Sheridan himself is an interesting fellow. The son of an actor and an author, he was educated with future lords and magnates at Harrow, but a youthful marriage turned him to the stage. His first play, The Rivals, appeared in 1775 and was so successful that Sheridan was able to buy the Drury Lane Theatre from David Garrick and become what the English used to call a manager -- part producer, part impresario. In addition to his career in the theater, Sheridan was a successful politician.
The School for Scandal proves why Sheridan's other career was natural. Its complex plot includes two brothers, one a profligate and the other a hypocrite of the worst sort, contending for the same young woman. There's also an older man having troubles with his much younger wife, and a rich uncle must select one of two nephews as his heir. Interfering everywhere with the most malicious gossip are the scandalmongers -- a coven of men and women who, out of boredom or unmotivated spite, try to destroy the lives of their innocent peers. Though the virtuous or sort-of-virtuous triumph and the vicious get their comeuppance, The School for Scandal ends with much the same ambiguity as Molière's Tartuffe: Luck, not justice, has triumphed. The comedy conceals a moral melodrama wherein the posse might not have arrived on time and the train could easily have bisected Little Nell.

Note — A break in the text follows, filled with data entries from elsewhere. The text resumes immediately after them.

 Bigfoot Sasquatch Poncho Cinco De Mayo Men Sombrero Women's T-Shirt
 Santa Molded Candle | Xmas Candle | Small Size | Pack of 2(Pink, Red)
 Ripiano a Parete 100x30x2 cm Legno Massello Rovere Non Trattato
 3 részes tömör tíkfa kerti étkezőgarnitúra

Save for two servants, all the characters are gentry or minor nobility. They are creatures of leisure: Most have no business to transact, no one to please but themselves. They have no children, only wards or nephews. This milieu of barren idleness hovers behind almost every action of the play. Of the three completely decent characters in the play, one is a middle-class man-of-business for three other characters, another has only recently returned from a 16-year business trip and the third is a young woman -- scarcely more than a girl -- of unaffected principle. It is also important to recognize that Sheridan evokes an aura of degeneracy without any sexual action that might bring a blush to the most sensitive cheeks; there is no violence. Bad behavior like selfishness and untruthfulness concerns us, and if our fiction and theater would return to consideration of such matters, perhaps they'd become more interesting and more useful.

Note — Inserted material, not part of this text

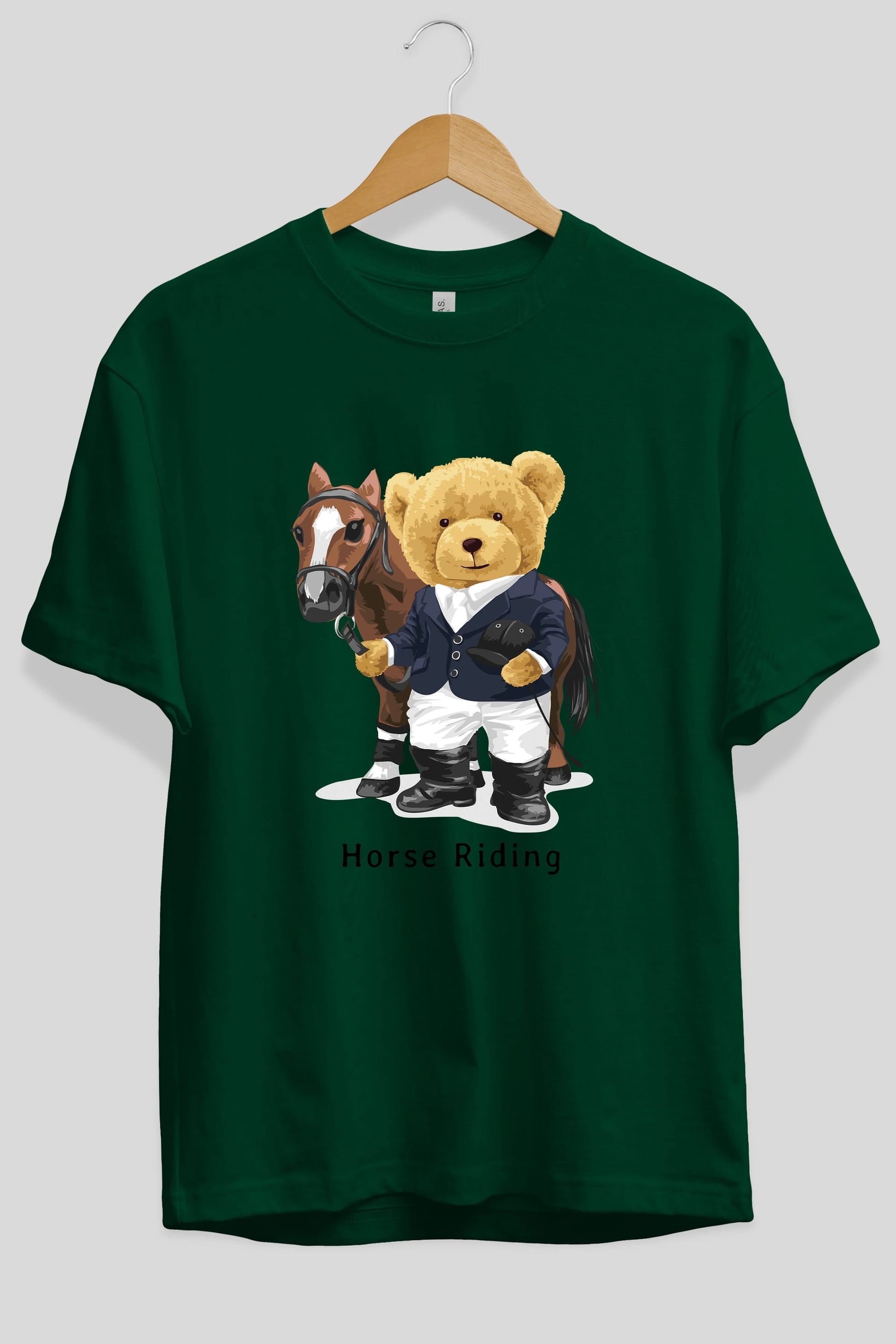 Teddy Bear Horse Riding Ön Baskılı Oversize t-shirt Erkek Kadın Unisex %100 Pamuk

The strong cast (but then, all Conservatory productions have strong casts) is headed by James Andrew Butz as Mr. Joseph Surface, a canting hypocrite whose purposes include ruining the name of his younger brother, Charles (Dallas A. Amsden); marrying an attractive, wealthy and intelligent heiress, Maria (Mika Porro); and seducing Lady Teazle (Aubrey Breneman), the young wife of the much older Sir Peter Teazle (Kern McFadden). Butz makes Joseph Surface genuinely frightening, not only by cloaking his interpretation in an aura of palpable nastiness but by making him seem so intelligent. Breneman -- a tall, slim, beautiful woman -- is a wonderful comedienne with fluent body language. When she squabbles with her elderly husband, Breneman seems driven to it by his insistence that she crawl, and when she is terribly compromised by Joseph Surface's malignity, she projects a pitiable, heartbreaking shame. It is also mournful to realize that McFadden is graduating this spring and St. Louis will lose its most accomplished creator of comic old farts.

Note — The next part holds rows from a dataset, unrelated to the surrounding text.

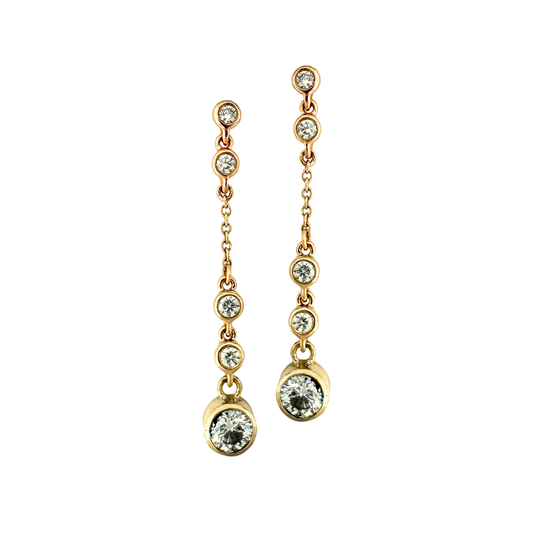 14K Yellow Diamond Drop Earrings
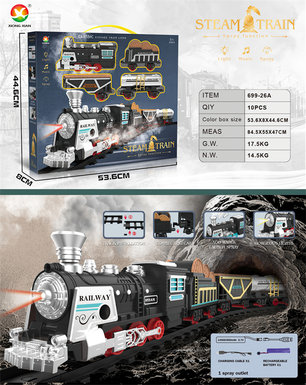 Classical steam rechargeable rail train electric toys (lighting, simulated sound)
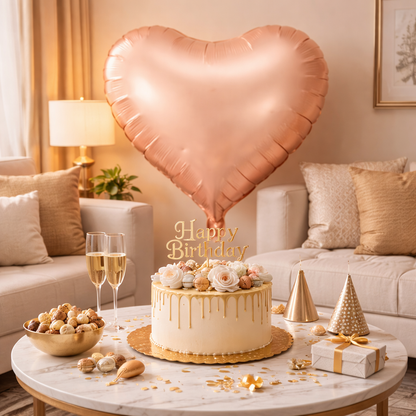 Apricot Heart Shaped Foil Balloon 1 Pc | Pastel Matte Finish Balloon | Romantic Decoration for Valentine, Anniversary & Proposal
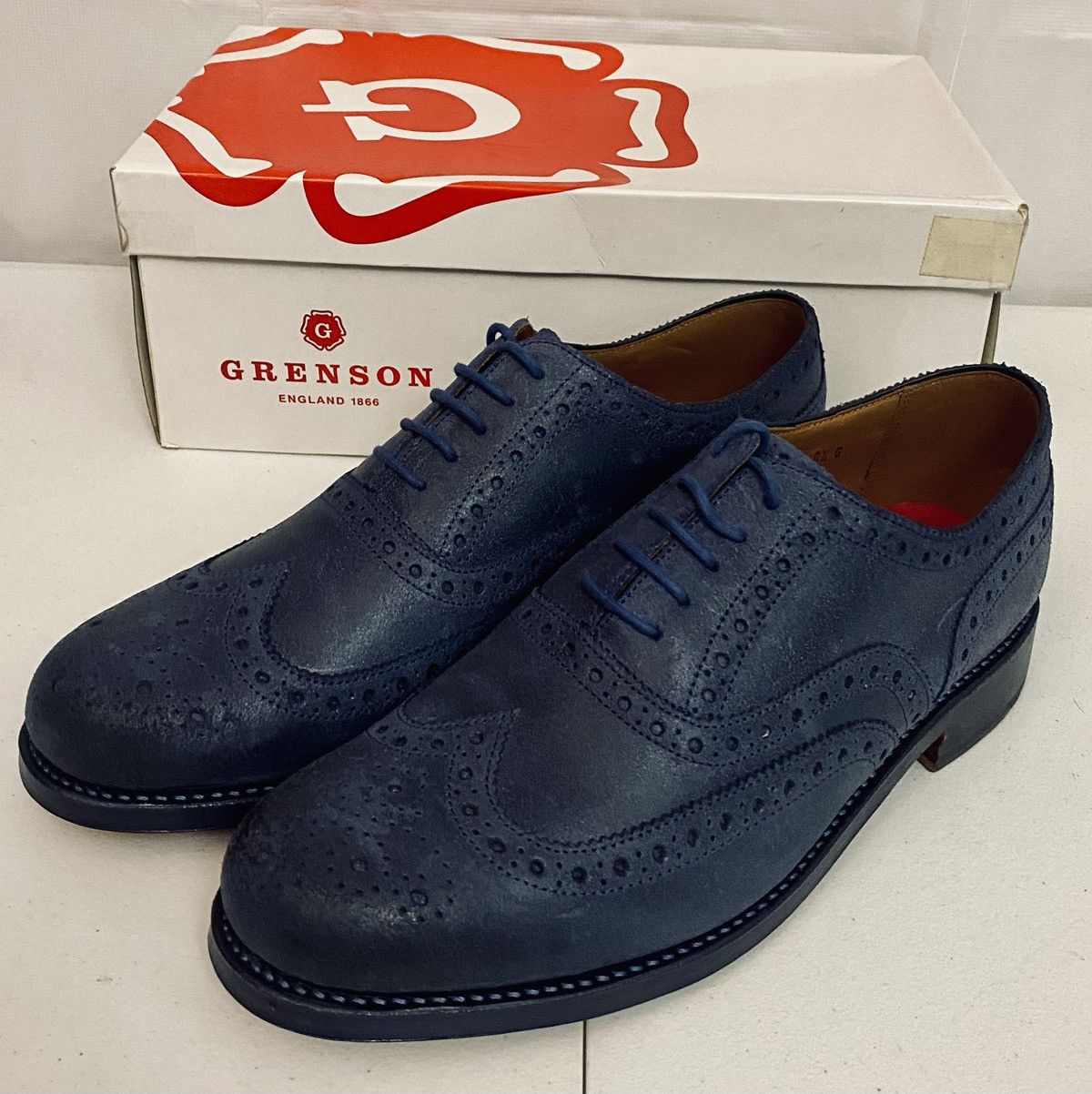 Grenson GRENSON 5033 Stanley Blue Raw Leather Brogue 11.5 New Size US 11.5 / EU 44-45 - 1 Thumbnail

Bruce Longworth's direction is assured and competent. He has seen the play's unity and never allows his actors to disrupt it or his audience to escape it. The 14 scenes follow one another seamlessly (because of the able work of scene designer Scott C. Neale and the lighting of Sarah Duncan), and when the characters surprise us, Longworth has made sure the audience is emotionally and intellectually prepared for the surprise.
The only choice Longworth has made with which one quarrels is his decision to use British accents. This creates two problems: First, the young actors, especially the women, have consistent problems with clearly enunciating their lines and speaking limey at the same time. Second, despite dialect coach Bill Lynch's help, the young actors don't do the accents well, and Midwestern American vowels creep in to undermine the posh stage British. "Well," theater folk say, "it was meant to be pronounced that way." Not true -- late-18th-century upper-class British English was wildly various: Oxbridge and Mayfair had yet to appear. American dialects do just as well as British in performing the classics, including Shakespeare -- better, in fact, when young American actors are playing the parts.
Despite this almost major error, however, Webster Conservatory's School for Scandal possesses vastly entertaining sweetness and amusingly instructive light. Remember that evening performances begin at 7:30, and don't be late.